> [What you are asked to do]
From the records below, print only the part that opens with the line containing "dubrovnik, penthouse s" and closes with the line containing "Lilly Pulitzer - Upf"; omit the pictures.

> [Source material]

*** Block opens ***

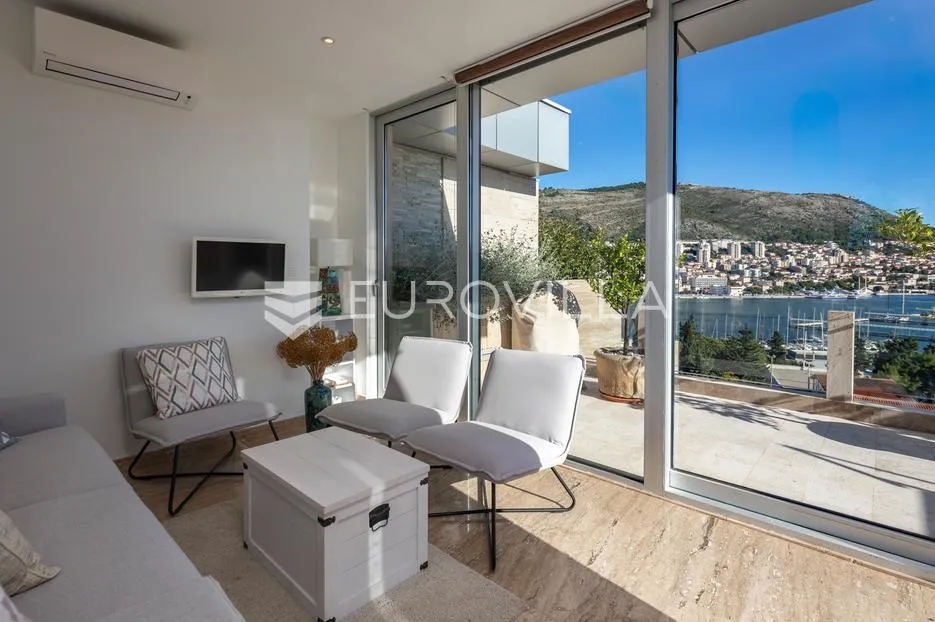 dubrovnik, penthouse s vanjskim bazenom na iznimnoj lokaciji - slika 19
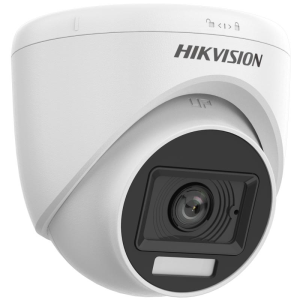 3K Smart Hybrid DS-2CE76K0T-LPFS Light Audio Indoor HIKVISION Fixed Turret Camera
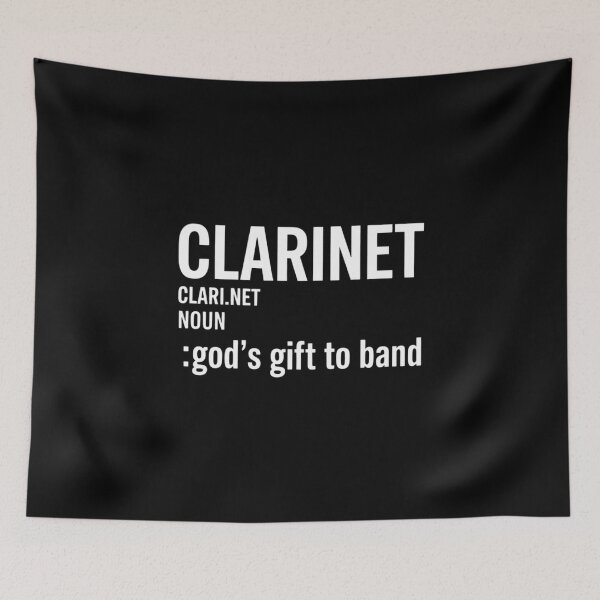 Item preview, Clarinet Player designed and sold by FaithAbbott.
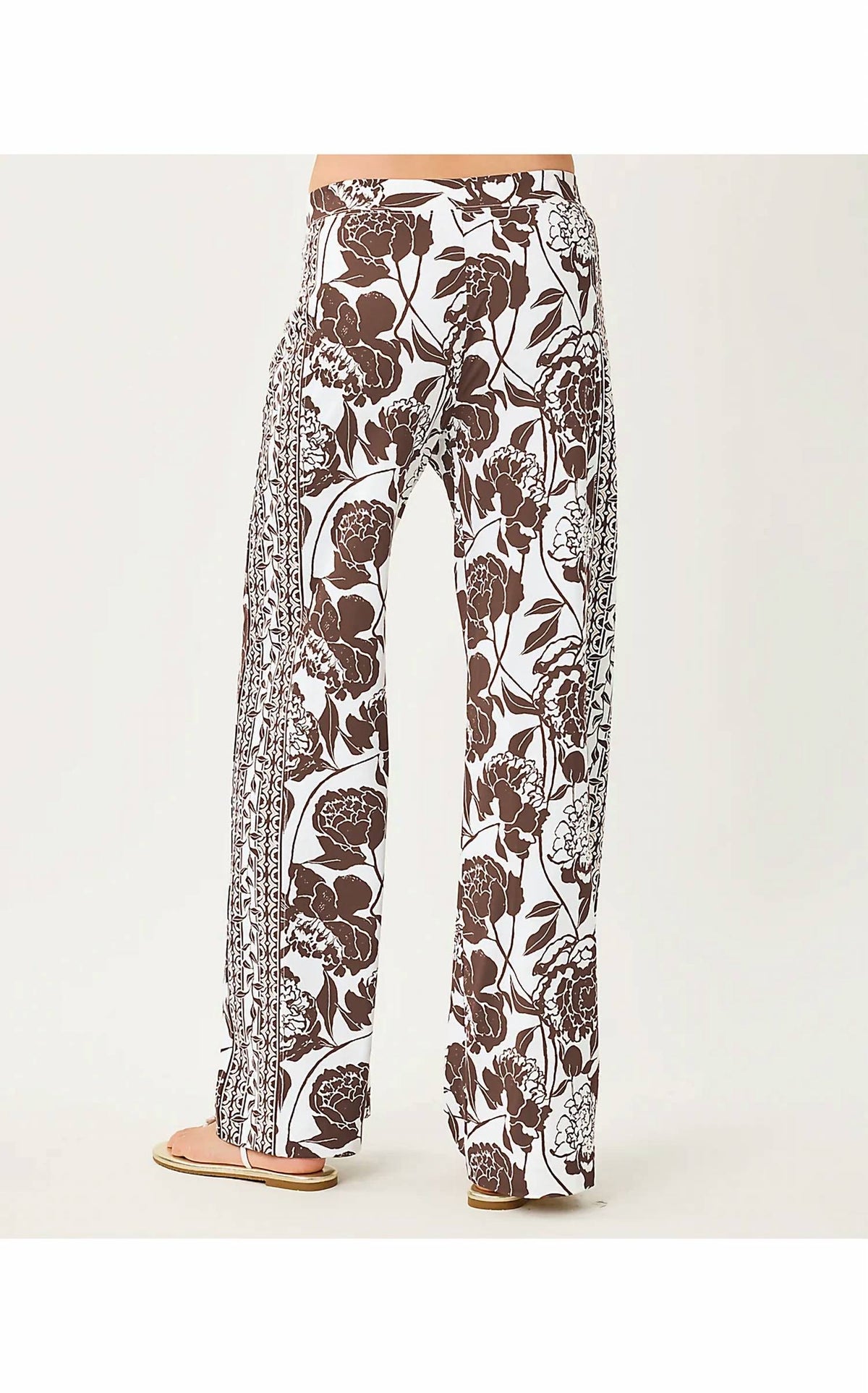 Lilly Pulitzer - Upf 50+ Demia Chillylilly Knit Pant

*** Block closes ***
*** Block opens ***

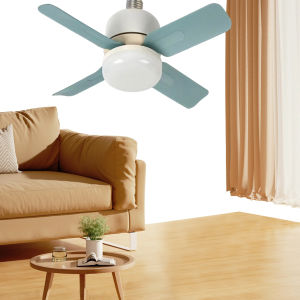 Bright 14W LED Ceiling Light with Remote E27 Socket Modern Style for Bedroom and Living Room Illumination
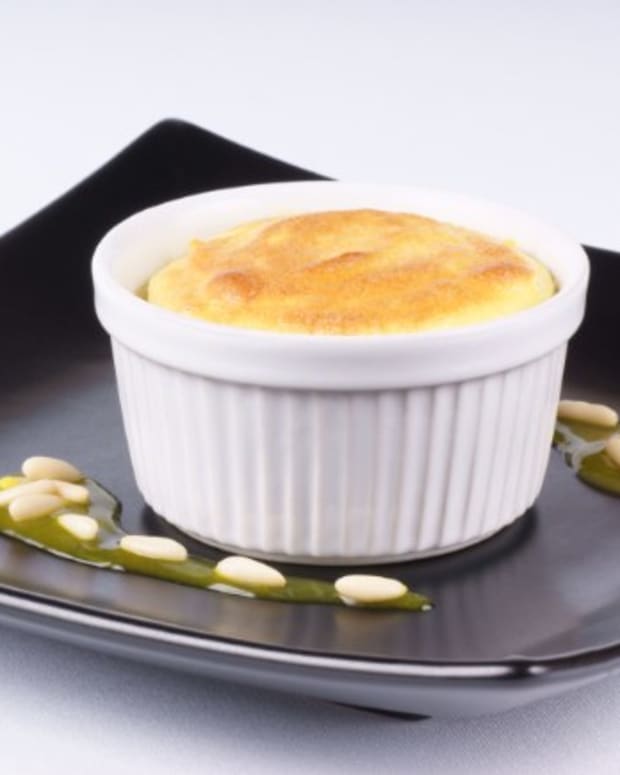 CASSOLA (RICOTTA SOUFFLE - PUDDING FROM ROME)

*** Block closes ***

> [Exercise response]
 dubrovnik, penthouse s vanjskim bazenom na iznimnoj lokaciji - slika 19
 3K Smart Hybrid DS-2CE76K0T-LPFS Light Audio Indoor HIKVISION Fixed Turret Camera
 Item preview, Clarinet Player designed and sold by FaithAbbott.
 Lilly Pulitzer - Upf 50+ Demia Chillylilly Knit Pant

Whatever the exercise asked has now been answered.